Kintsugi the art of precious scars, healing the heart

Japanese know an art form and philosophy of life called Kintsugi: the art of precious scars. By repairing broken ceramics with precious metals, it’s possible to give it a new lease of life and it becomes even more refined, thanks to its “scars”. Kintsugi teaches that broken objects are not something to hide but to display with pride.

This philosophy creates the question, how alike we are to this as humans with all of our scars, mistakes, lessons and wisdom we learn in this thing called life.

How often, we as humans do hide the scars that make us who we are today? I have always believed that where we are right now, personally and professionally, is a result of all the choices, lessons and mistakes we’ve learnt and made along the way. Our scars make us stronger and more beautiful and why not display these “gifts” in the same way kintsugi displays the art of precious scars.

in today’s’ world is being “yourself” more important than ever and its now that we need strength to let our guard down and be more authentic and relevant than ever, whether you are a leader, business owner or individual leading self.

To survive and thrive in a fast-paced and challenging environment we reckon sharing the scars of our mistakes and challenges could go a long way here.

Mistakes and life’s hard “gifts” should never define you but instead guide you through. Don’t “awfulize” and dwell on this but instead, map out the lesson you have learnt and be a lighthouse for others who may benefit from what you’ve been through.

“The scars you share become lighthouses for others who are headed for the same rocks you hit”

It’s almost selfish not to share what you have learnt providing you frame the lesson in a way that is useful and heartfelt with good intention.

It is perhaps in Zen more than anywhere else that a well-formed aesthetic discipline evolved. Furthermore, Zen art is not representational; there is no duality between the natural and human elements. 

Zen aesthetics elevated even daily chores, like drinking tea for instance, and martial arts like Taikiken, to be practiced with skilful ease and mindfulness. In art and everyday life, the ideals of wabi-sabi ordinariness-quietness, were taken to be a measure of timeless beauty, reflected in the Zen story of the cherishing of an old, cracked teacup by a Master over new, gilded ones offered by the emperor. This chastity of taste is evident in all aspects of Zen life: in the elegant but stern lines of buildings; the careful spacing of each stone in the Japanese garden and bamboo forest.
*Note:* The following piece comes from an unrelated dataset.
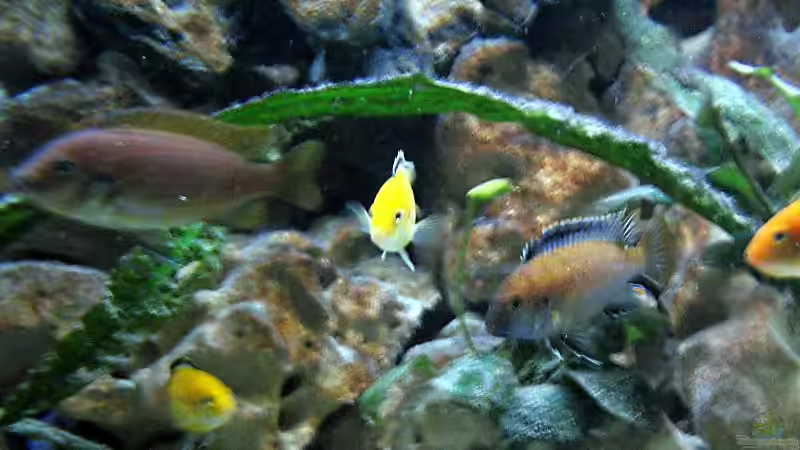 Besatz im Aquarium Becken 1472 von Thomas Bauer (8)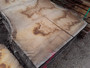 HARDWOOD SAWN AIR DRIED WANEY EDGE / LIVE EDGE TIMBER BURR / PIPPY ENGLISH OAK SLAB / TABLE TOP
Effortlessness in the making of art, and indeed in performing life’s mundane chores, Is something that cannot be practiced like a craft; it would only come by letting go of the ‘purpose’ of doing something, and simply flowing with it. So although in Taikiken, the skill is very important, it must be forgotten in the instant of fighting, so that spirit, mind,and body, all become one. Similarly in art, for instance, to make the famous bamboo paintings, the artist spent years drawing bamboos, until he was saturated with his subject. Then the art that flowed was the essence of bamboo, the direct experience of reality and the ‘bambooness’ of bamboo. The artist was the picture, and the picture the artist.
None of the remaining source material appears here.